→ **STORED DATA**
——————
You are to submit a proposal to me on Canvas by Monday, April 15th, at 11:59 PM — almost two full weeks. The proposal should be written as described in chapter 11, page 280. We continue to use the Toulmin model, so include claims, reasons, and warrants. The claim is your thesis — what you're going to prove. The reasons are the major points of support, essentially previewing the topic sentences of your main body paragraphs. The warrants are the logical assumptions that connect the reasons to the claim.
——————
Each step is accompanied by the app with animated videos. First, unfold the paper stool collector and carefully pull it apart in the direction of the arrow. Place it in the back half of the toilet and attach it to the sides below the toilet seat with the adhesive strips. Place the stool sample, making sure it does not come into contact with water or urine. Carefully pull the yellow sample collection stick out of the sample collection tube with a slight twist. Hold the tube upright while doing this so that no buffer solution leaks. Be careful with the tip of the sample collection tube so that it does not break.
——————
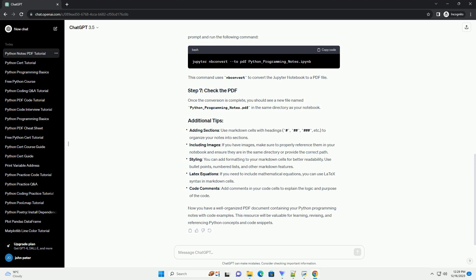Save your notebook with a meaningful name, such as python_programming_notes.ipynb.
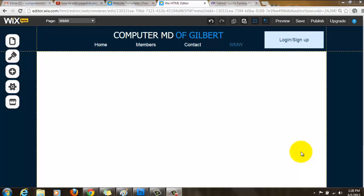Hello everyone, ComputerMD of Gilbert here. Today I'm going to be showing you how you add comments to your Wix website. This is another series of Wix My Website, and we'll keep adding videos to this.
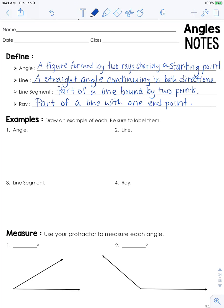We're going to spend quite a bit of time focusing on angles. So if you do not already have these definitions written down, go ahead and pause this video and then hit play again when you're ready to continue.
——————
→ **EXERCISE INSTRUCTIONS**
Range to copy from the listing above: the line containing "Hello everyone, ComputerMD" down to the line containing "We're going to", both included. Reproduce it exactly, minus the pictures, and add nothing.

→ **ANSWER TO THE EXERCISE**
Hello everyone, ComputerMD of Gilbert here. Today I'm going to be showing you how you add comments to your Wix website. This is another series of Wix My Website, and we'll keep adding videos to this.
We're going to spend quite a bit of time focusing on angles. So if you do not already have these definitions written down, go ahead and pause this video and then hit play again when you're ready to continue.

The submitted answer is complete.